If that is indeed the significance of the distinction, then the mistake of the Wolffs in this case falls on the right side of the line (so far as they are concerned). They made a mistake as to the legal effects of the transaction, and it was a significant one. It is certainly serious enough to give rise to the equity of setting it aside.
In those circumstances the lease falls to be set aside.
That conclusion renders a decision on the other points academic. However, I make the following observations on them.
So far as Mr Brownbill’s alternative line of cases is concerned, I rather doubt if it can now be taken to exist. The jurisdiction seems to me to be based on mistake. One of the high water marks of this alternative line, so far as Mr Brownbill was concerned, was Philippson v Kerry (1863) 32 Beav 628, where an elderly lady gave away a material part of her wealth believing that the donee would give her the dividends for the rest of her life. She received no explanation of the consequences of the transaction. On analysis I think that this can be treated as a mistake case, and Millett J certainly treated it is one — see his rationale of it at 1309D. Mr Brownbill did cite other cases on the point, but I do not need to deal with them.
Had it been necessary for me to do so, I would have held that the trust deed fell to be set aside for the same reason as the lease. The Wolffs clearly intended their daughters to have capital or access to it, and the trust deed, whatever else it might have done, did not do that (or at least not in any meaningful way — they might have had capital if they survived for 80 years). However, I do not need to consider this further since the setting aside of the lease will mean that there is no asset in the trust.
The effect of the trust deed — whether the lease would have been held on its trusts
This, too, is an academic question in the light of my conclusion that the lease falls to be set aside.

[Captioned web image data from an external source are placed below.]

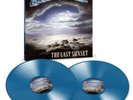 Conception The Last Sunset (Vinyl) (UK IMPORT)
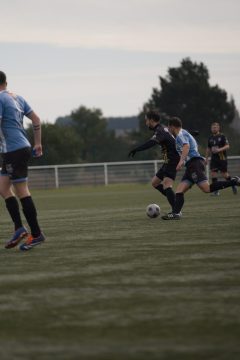 FC DINARD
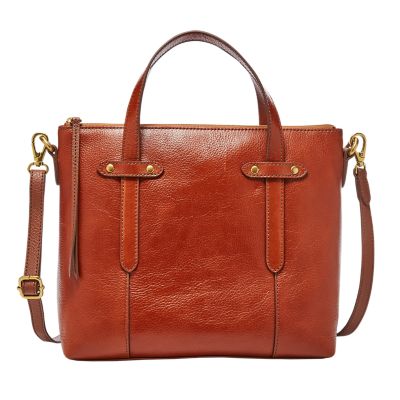 Felicity Satchel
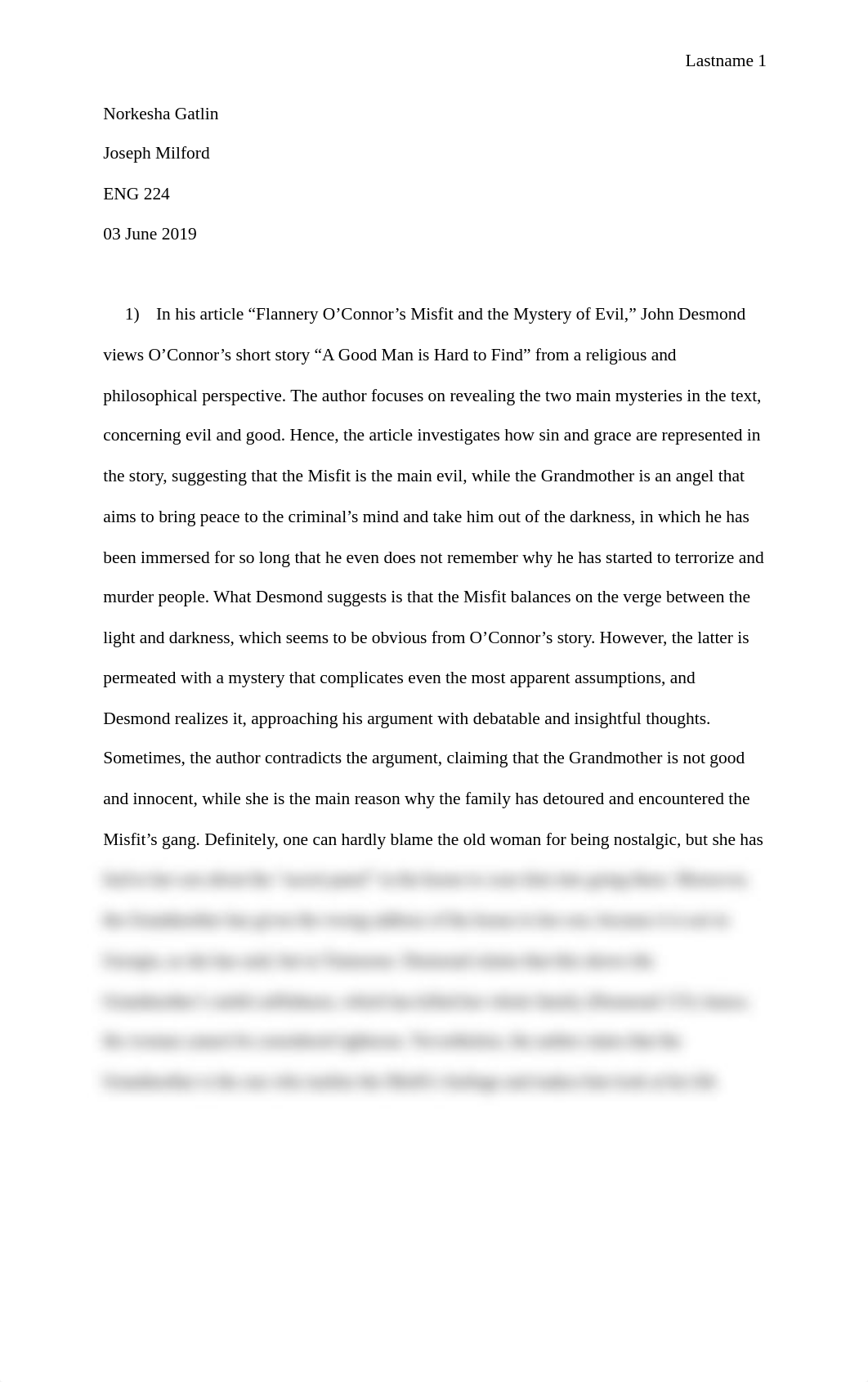 UCWV ENG 224 discussion forum 5.docx_d9ab2rbqtvv_page1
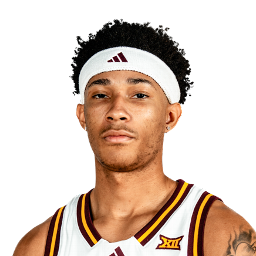 Quentin McCoy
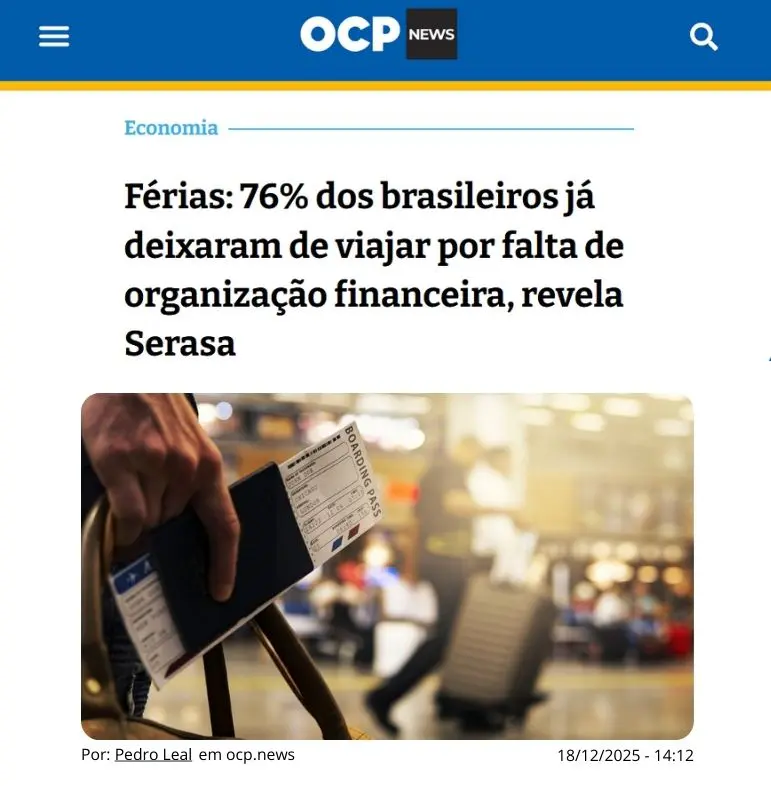 erasebg-transformed (24)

However, I will express my conclusions on it briefly because I indicated them to counsel during the hearing as a result of which Mr Nield did not need to make any submissions to me. My conclusion, as I indicated it without any argument other than that appearing in the skeletons, was that the lease would not have been caught by the trusts of the trust deed. The lease was not conveyed to the trustees (contrary to its recital), and the grant of the lease to the daughters was a deliberate, even if misguided, act, There was no agreement with the daughters that they should hold as nominees for the trustees, and the material that I have seen does not justify any form of equitable obligation that they should so hold it. To require them so to hold it would actually have been inequitable, since the trusts of the settlement did not coincide with the intentions and instructions of the Wolffs. Quite how Mr Kingshill thought the thing would work is a matter of speculation (I have not had any evidence from him) but whatever he might have thought the participants did not have any clear view on the point, nor did they act, so as to justify a finding of that form of nomineeship. Mr Nield was therefore quite right to advise that there was no real prospect of establishing that the lease was held for the trust as a trust asset.
Conclusions
I will therefore make an order setting aside the lease and such other orders as appear to be appropriate after hearing argument from counsel.